Gases, especially volcanic ones, often make sampling as fascinating as it is complex. Indeed, they reach high temperatures and consist of compounds of an acidic nature such as hydrochloric acid (HCl), sulfur dioxide (SO2), and hydrogen sulfide (H2S). Such characteristics make not only the conditions of the expeditions hostile thus forcing scientists to operate with extreme speed and efficiency, but also the sampling becomes tricky.
In fact, one of the main problems associated with gas sampling derives from the materials used for sampling. Often the collection tubes do not withstand the acidity and corrosiveness typical of some gases; hence the difficulty of sampling and the appearance of possible chemical interference. Further problems are related to the reaction of some species with each other and the detection of some minor species present in trace amounts.

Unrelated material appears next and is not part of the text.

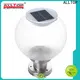 ALLTOP best solar powered landscape lights 1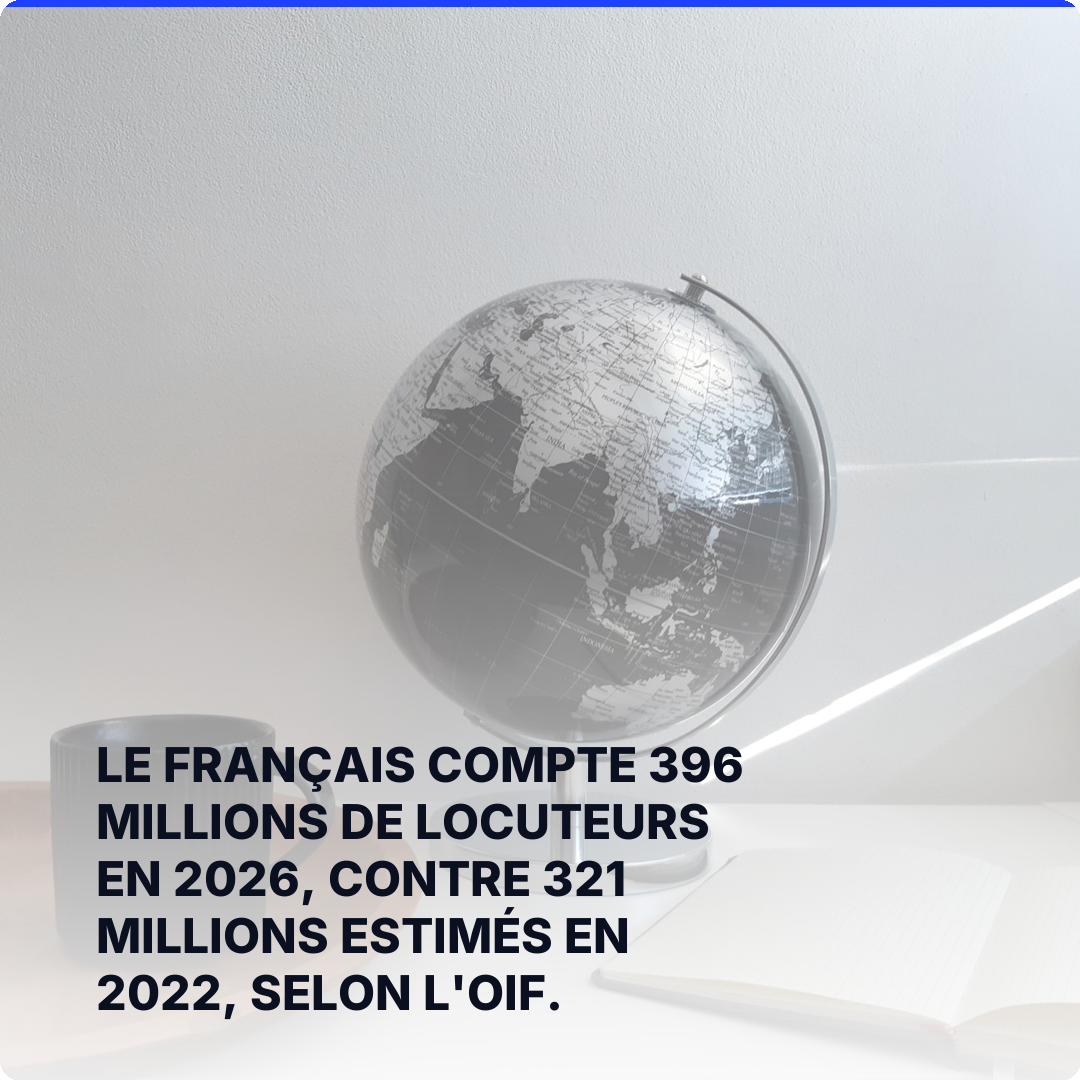 Le français compte 396 millions de locuteurs en 2026, contre 321 millions estimés en 2022, selon l'OIF.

Limiting such problems is possible thanks to the so-called giggenbach bottles. A giggenbach is a borosilicate-built glass bottle with a teflon stop valve (politetrafluoroetilene) filled with alkaline solution (e.g., sodium hydroxide, NaOH). It is usually connected to a titanium or silica tube (materials not prone to corrosion) that is inserted into the source of interest. The gases bubble inside the giggenbach thanks to a system of adjustable valves, condense and come into equilibrium with the solution inside the bottle, which will then act as a chemical “trap.”
What has been collected in the giggenbach bottle will provide valuable information. Indeed, the gases are the window through which scientists understand the past and present history of the place they are examining and, consequently, the ways in which the environment and life affect each other. The invention of giggenbach bottles has enabled a huge step forward in the study of volcanic gases and this is due to Werner Friedrich Giggenbach (1937–1997), a German geochemist, geologist and volcanologist who is considered one of the world’s leading scientists in the field of volcanic gases and magmatic and geothermal fluids. He therefore enabled the deciphering of the “secret message in the bottle.”